From: Stefan Monnier
Subject: Re: emacs and guile (Re: ehelp woes, or why I hate a module that I love so much)
Date: Fri, 19 Jul 2002 09:34:22 -0400

> > Actually, this is a recent change, right ?  In Emacs-21.2, `symbol-name'
> > always returns a string with no properties.  In that case we should
> > probably also strip the properties when we create a new symbol, instead
> > of wasting those intervals.
> 
> I don't know about 21.2, but it happens for me with:
>  21.1    - at work

Looks like I was wrong then.  Sorry.

> Are you sure about 21.2?  It would be odd for it to have been fixed
> there but not on the trunk.  Here's the whole thing I'm doing to
> reproduce it in ielm:
> 
>     ELISP> (setq s "booga-booga")
>     "booga-booga"
>     ELISP> (put-text-property 3 6 'some-prop 'some-val s)
>     nil
>     ELISP> (setq s2 (intern s))
>     booga-booga
>     ELISP> (symbol-name 'booga-booga)
>     #("booga-booga" 0 3 nil 3 6
>       (some-prop some-val)
>       6 11 nil)
> 
> I do think it makes sense for symbol-name's return value to have no
> text properties.

I agree, but I'm not sure it matters enough to change `intern's behavior.
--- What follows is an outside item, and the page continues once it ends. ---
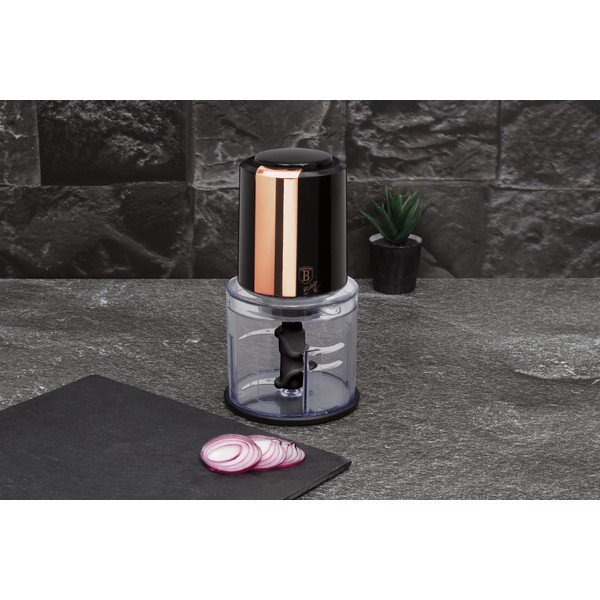 Elektryczny malakser do owoców i warzyw Black Rose Collection – BerlingerHaus-image-1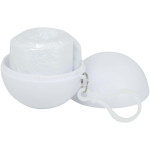 Poncho in contenitore rotondo di plastica con moschettone Fo...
> >> An Emacs Lisp symbol's name can also be changed after interning, such
> >> that it won't be found when interning either the old name or
> >> (probably) the new name.
> >
> > This is undocumented and I don't know of any code that relies on it
> > (well, I know of some such code, but not in any elisp package).
> > I think it should be considered as a misfeature/bug (but I don't
> > think it's worth fixing unless the fix is to make the output of
> > `symbol-name' be read-only).
> 
> Maybe if we had read-only strings....

My Emacs' strings are (mostly) read-only (as are its `defconst' variables).
It does introduce some breakage, but the use of `aset' on strings is
surprisingly infrequent.

> > I'm pretty sure that Scheme's symbol-name (if such a function exists)
> > returns a brand new string.
> 
> Which would be another difference -- retrieving the name twice would
> give two values not "eq?" while in Emacs Lisp they are "eq".  So is
> *that* property something that anyone might rely on in their Lisp code?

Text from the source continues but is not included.